* _TASK ITEM_
Print the lines in the listing below starting at the line with "批发已出货 气质V领冰丝防晒开衫女夏小众<b class='q'>修身</b>显瘦薄款外套上衣" and ending at the line with "Used 2019 Rolls-Royce Cullinan image 15", both included. Reproduce them exactly and omit every picture.

* _RECORD EXTRACTS_
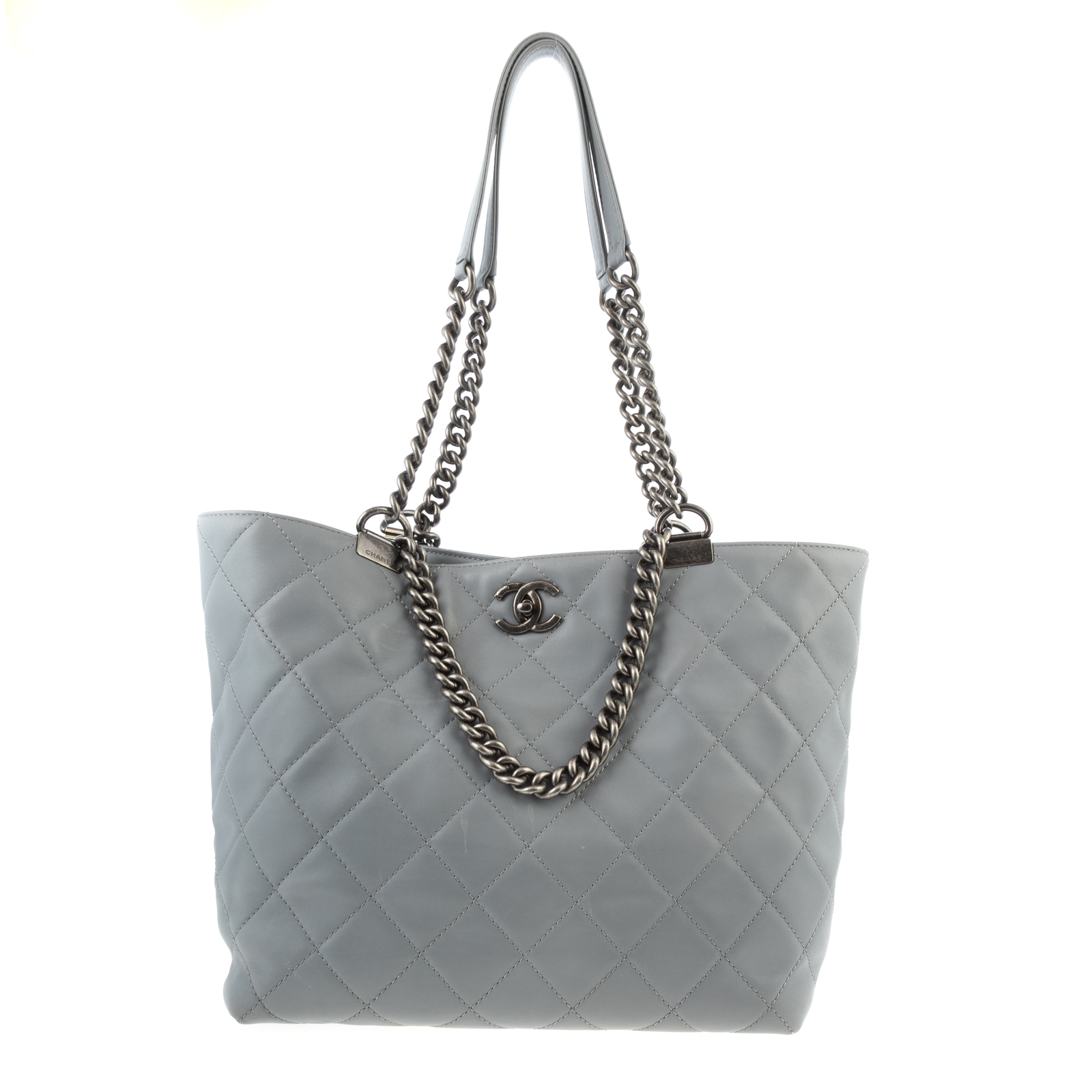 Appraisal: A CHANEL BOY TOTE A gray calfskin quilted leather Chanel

--

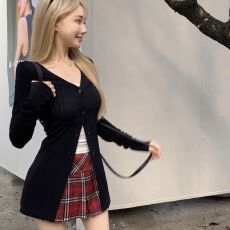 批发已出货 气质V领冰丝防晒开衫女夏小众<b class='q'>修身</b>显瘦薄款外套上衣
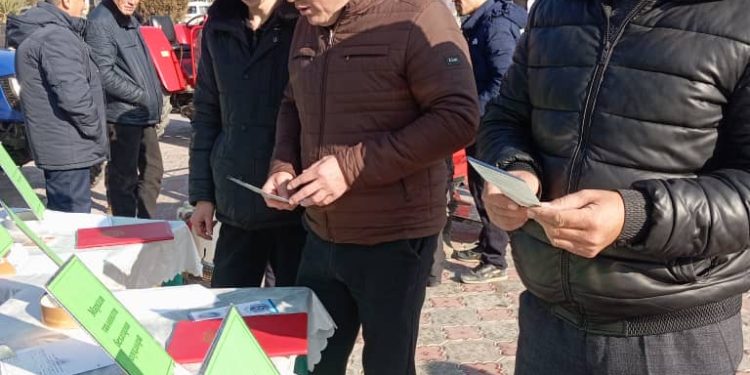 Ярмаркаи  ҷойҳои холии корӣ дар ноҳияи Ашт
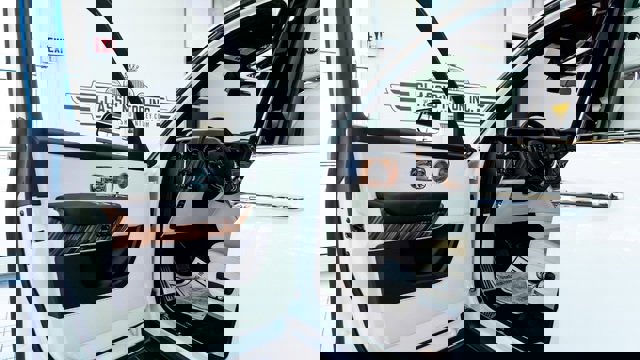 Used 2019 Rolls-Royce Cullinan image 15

--

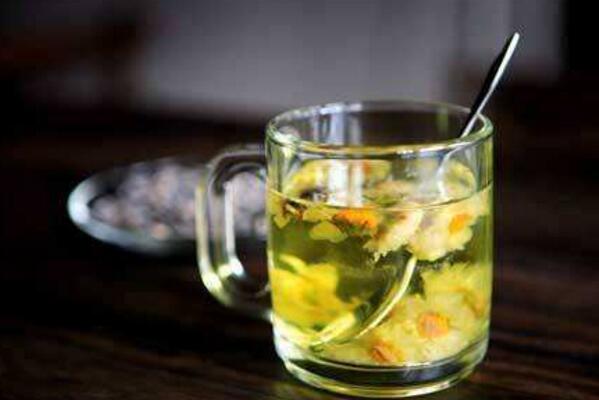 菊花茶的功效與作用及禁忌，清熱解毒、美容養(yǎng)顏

* _SOLUTION FOR THIS EXERCISE_
 批发已出货 气质V领冰丝防晒开衫女夏小众<b class='q'>修身</b>显瘦薄款外套上衣
 Ярмаркаи  ҷойҳои холии корӣ дар ноҳияи Ашт
 Used 2019 Rolls-Royce Cullinan image 15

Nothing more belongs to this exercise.